[Short web captions]
---+---

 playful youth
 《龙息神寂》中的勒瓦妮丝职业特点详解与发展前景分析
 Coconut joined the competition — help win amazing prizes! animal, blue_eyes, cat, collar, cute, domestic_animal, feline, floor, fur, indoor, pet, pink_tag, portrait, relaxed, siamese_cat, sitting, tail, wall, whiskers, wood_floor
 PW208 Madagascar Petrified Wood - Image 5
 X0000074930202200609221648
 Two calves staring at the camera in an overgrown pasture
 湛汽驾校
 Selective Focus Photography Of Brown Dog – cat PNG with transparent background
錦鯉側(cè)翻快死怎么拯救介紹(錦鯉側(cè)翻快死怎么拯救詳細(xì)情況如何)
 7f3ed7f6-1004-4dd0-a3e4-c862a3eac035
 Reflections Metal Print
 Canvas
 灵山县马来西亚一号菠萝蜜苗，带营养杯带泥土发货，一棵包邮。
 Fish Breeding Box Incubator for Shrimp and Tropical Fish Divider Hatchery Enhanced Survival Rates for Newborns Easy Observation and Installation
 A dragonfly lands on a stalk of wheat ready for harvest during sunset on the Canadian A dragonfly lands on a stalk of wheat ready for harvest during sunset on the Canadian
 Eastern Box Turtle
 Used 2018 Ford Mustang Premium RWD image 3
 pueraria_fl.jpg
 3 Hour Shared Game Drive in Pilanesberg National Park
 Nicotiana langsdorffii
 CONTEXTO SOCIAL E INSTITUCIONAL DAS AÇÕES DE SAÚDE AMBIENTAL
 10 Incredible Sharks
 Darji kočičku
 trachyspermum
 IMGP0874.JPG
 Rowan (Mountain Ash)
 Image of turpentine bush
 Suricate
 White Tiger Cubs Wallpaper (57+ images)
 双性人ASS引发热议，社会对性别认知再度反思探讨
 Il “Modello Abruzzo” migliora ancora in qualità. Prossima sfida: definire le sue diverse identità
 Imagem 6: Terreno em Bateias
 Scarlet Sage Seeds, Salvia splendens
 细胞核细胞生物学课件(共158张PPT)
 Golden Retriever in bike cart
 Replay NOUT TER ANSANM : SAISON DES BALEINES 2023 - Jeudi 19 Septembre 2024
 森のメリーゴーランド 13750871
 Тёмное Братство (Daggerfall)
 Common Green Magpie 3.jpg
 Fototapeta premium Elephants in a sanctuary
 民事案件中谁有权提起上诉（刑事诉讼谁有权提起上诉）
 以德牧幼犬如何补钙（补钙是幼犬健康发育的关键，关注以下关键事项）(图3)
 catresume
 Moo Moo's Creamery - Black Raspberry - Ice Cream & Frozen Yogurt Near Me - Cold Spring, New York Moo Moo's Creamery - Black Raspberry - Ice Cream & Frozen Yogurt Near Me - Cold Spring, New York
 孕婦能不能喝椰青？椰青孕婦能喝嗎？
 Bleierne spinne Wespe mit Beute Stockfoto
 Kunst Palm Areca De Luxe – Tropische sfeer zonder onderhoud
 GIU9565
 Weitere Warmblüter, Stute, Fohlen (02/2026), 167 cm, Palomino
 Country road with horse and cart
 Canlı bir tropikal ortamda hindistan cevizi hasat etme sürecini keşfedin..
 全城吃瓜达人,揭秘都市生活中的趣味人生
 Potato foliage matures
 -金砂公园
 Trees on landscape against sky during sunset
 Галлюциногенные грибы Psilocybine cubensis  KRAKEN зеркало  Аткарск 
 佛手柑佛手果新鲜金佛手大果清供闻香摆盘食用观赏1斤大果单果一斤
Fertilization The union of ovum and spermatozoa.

---+---

Look for the string "with" in the data above and return every line that has it.

▸ **PROBLEM SOLUTION**:
 Selective Focus Photography Of Brown Dog – cat PNG with transparent background
 Country road with horse and cart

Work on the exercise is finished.